Edit: changed subject to be something more meaningful for search/browsing

Why don’t you create the second BufferedDataContainer with the pagesOutputSpec instead of the tocOutputSpec :wink:

Not only the BufferedDataContainer, also the DataTableSpec is initiallized with “tocColSpecs”. So there are two errors (at least).

Ahh, whoops - sorry! wrong version of the code. I had fixed those errors but still had the problem. The “right” version of the code is below. Here’s the key point: for tocColSpecs, if I swap the the indices, it works.

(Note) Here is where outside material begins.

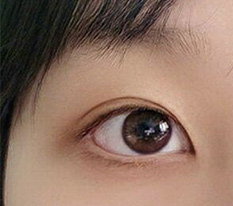 二重手術から3ヶ月でまたレビューに来ました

Another indication of the problem is that the column headers (e.g. “Info A”) set for tocColSpecs are the ones that show up for the 2nd table (should be “Info B”).

Here’s the error message:
ERROR ReadPdf Execute failed: Runtime class of object “1” (index 0) in row “ADDITIONAL RESPONSIBLE PERSON(S)” is IntCell and does not comply with its supposed superclass StringCell

here’s the “right” code:

BufferedDataTable[] bufDataTable = new BufferedDataTable[2];
    //read the pdf document into memory
    String docFilePath = "C:/docs/buildDrugWiki/buildDrugWiki3241/sourceDocs/SPL-133 Study Report.pdf";
    File docFile = new File(docFilePath);
    PdfDocument pdfDoc = new PdfDocument(docFile);
    
    
    //build data table containing information about table of contents
    DataColumnSpec[] tocColSpecs = new DataColumnSpec[2];
    tocColSpecs[1] = 
        new DataColumnSpecCreator("Page Number", IntCell.TYPE).createSpec();
    tocColSpecs[0] = 
        new DataColumnSpecCreator("Info A", StringCell.TYPE).createSpec();
    DataTableSpec tocOutputSpec = new DataTableSpec(tocColSpecs);
    // the execution context will provide us with storage capacity, in this
    // case a data container to which we will add rows sequentially
    // Note, this container can also handle arbitrary big data tables, it
    // will buffer to disc if necessary.
    BufferedDataContainer tocContainer = exec.createDataContainer(tocOutputSpec);
    
    for (String tocTitle : pdfDoc.getTableOfContents().keySet()) {
    	int pageNum = pdfDoc.getTableOfContents().get(tocTitle);
    	
    	RowKey key = new RowKey(tocTitle);
    	
    	DataCell[] cells = new DataCell[2];
    	cells[1] = new IntCell(pageNum);
    	cells[0] = new StringCell(tocTitle);
    	DataRow row = new DefaultRow(key, cells);
    	tocContainer.addRowToTable(row);
    }
    
    // once we are done, we close the container and return its table
    tocContainer.close();
    bufDataTable[0] = tocContainer.getTable();
    

    //build data table containing information about table of contents
    DataColumnSpec[] pagesColSpecs = new DataColumnSpec[2];
    pagesColSpecs[0] = 
    	new DataColumnSpecCreator("Page Number", IntCell.TYPE).createSpec();
    pagesColSpecs[1] = 
    	new DataColumnSpecCreator("Info B", StringCell.TYPE).createSpec();
    DataTableSpec pagesOutputSpec = new DataTableSpec(tocColSpecs);
    // the execution context will provide us with storage capacity, in this
    // case a data container to which we will add rows sequentially
    // Note, this container can also handle arbitrary big data tables, it
    // will buffer to disc if necessary.
    BufferedDataContainer pagesContainer = exec.createDataContainer(pagesOutputSpec);

    int pageNum = 0;
    for (String curPage : pdfDoc.getPages()) {
    	RowKey key = new RowKey(Integer.toString(pageNum));
    	
    	DataCell[] cells = new DataCell[2];
    	cells[0] = new IntCell(pageNum);
    	cells[1] = new StringCell(curPage);
    	DataRow row = new DefaultRow(key, cells);
    	pagesContainer.addRowToTable(row);
    	
    	pageNum++;
    }
    pagesContainer.close();
    bufDataTable[1] = pagesContainer.getTable();
    
    return bufDataTable;

Nevermind. I see it now. Even in the “right” code I was still making the error of using tocColSpec to initialize pageSpec.

Thanks for looking over my code, I really appreciate it.